The molecular pathology unit, headed by Dr. Simpson, serves as a CCR resource with 4 main spheres of activity focused on translational research within the NCI Center for Cancer Research:
• Developing molecular diagnostics for research
• Training in comparative and molecular pathology
• Research investigation and animal model validation
• Noninvasive diagnostic and molecular medical imaging
Applied research includes studies to evaluate use of an ovarian cancer animal model to pilot discovery of protein biomarkers with potential clinical diagnostic utility.
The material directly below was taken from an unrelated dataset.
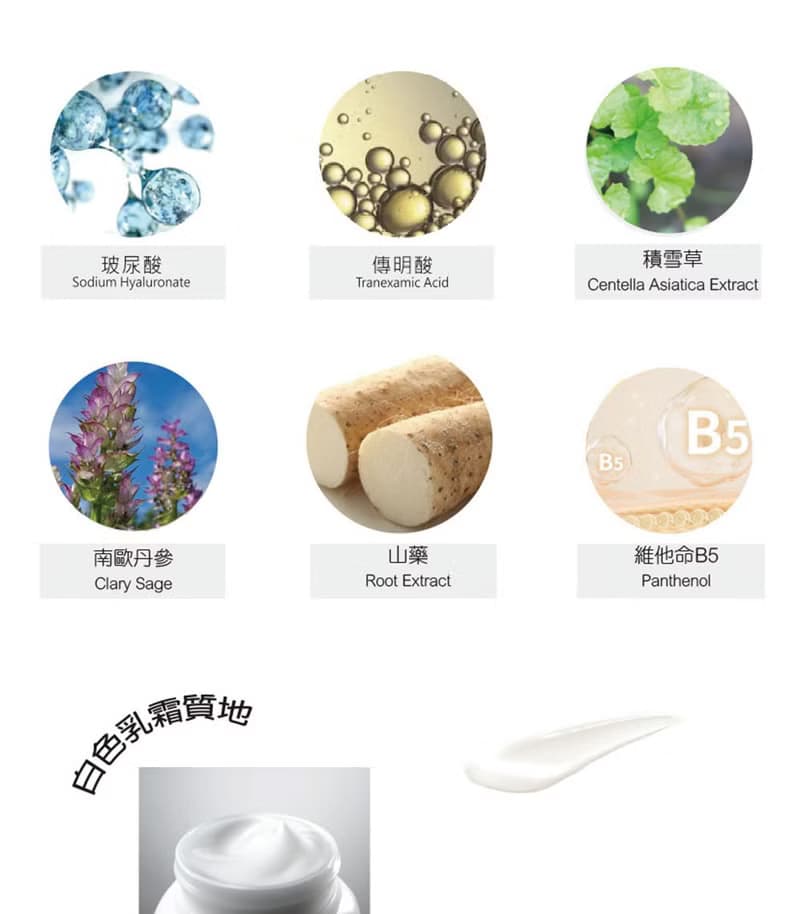 經典活膚霜Rejuvenation Activation Cream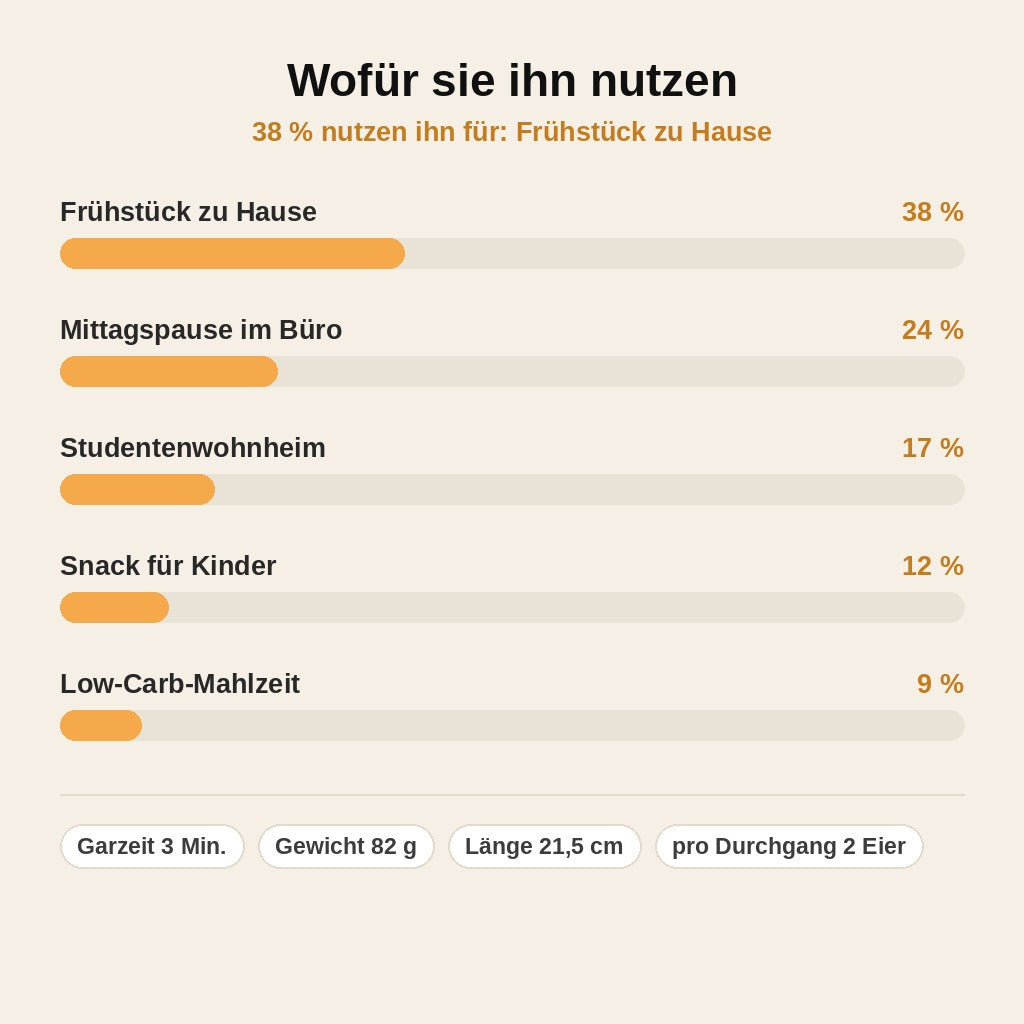 stats — 2-in-1 Mikrowellen-Omelett- & Eierkocher – Frühstück in 3 Minuten, ganz ohne Pfanne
Among gynecological cancers, ovarian cancer is a significant cause of death in women. Due to the occult nature of early disease and the vague nonspecific symptoms caused, ovarian cancer diagnosis is often delayed until the disease has spread within the abdomen. Additional challenges exist in managing patients due to recurrence of cancer following initial treatments. A means to detect ovarian cancer, or its recurrence, in patient serum would be a significant benefit to current diagnostic paradigms. Diagnosis based upon serum CA125 tests is hampered due to less than optimal sensitivity and specificity, thus new tests to diagnose ovarian cancer are needed. Current research is aimed at validating serum proteins that can be localized to cancer cell origin, and in investigating their validity for diagnostic or staging use. Biomarker correlates of ovarian cancer burden are particularly challenging in a clinical setting due to the way ovarian cancer spreads throughout the abdominal cavity. Animal models are an important adjunct to the ovarian cancer diagnosis research field. In this research, candidate proteins are detected in serum of mice with staged abdominal carcinomatosis using mass spectrometry. Putative biomarkers are validated. Correlations with tumor burden can be attempted in the carcinomatosis model using human cancers engineered with reporter markers that permits cancer cells to be tracked longitudinally during experimental disease. This model is permitting efforts to link cancer detection methods with ovarian cancer burden.
A second line of research is aimed at examining premalignant cellular injury due to oncogenic Ras activation. The Ras oncogene may become dysregulated in some cancers and promote cancer by stimulating uncontrolled cell proliferation. There are a host of other Ras-Mitogen-activated protein kinase (MAPK) pathway dysfunctional consequences. Pathway molecular mechanisms are being investigated outside the context of cell cycle influences of Ras activation by overexpression of Ras oncogene in cardiac myocytes, which are limited in their ability to enter the cell cycle. Oncogenic Ras activation in the myocardium results in a premalignant injury with significant cellular hypertrophy rather than cell proliferation. At the levels of the organ and organismal biology in the model, cardiomyopathy and heart failure, similar to some human cardiomyopathies associated with Ras-MAPK pathway activation, results. Conditional expression of Ras within a cardiomyopathy model is leading to identification of proteins involved in hypertrophy and with post translational modifications to these proteins important to injury due to aberrant Ras expression. Findings are anticipated to have relevance to early network derangements in some cancers associated with oncogenic Ras, as well as potential for informing pathogenesis of some cardiomyopathies. Research aims include identification of candidate targets for therapeutic modulation.
This page was last updated on 9/17/2008.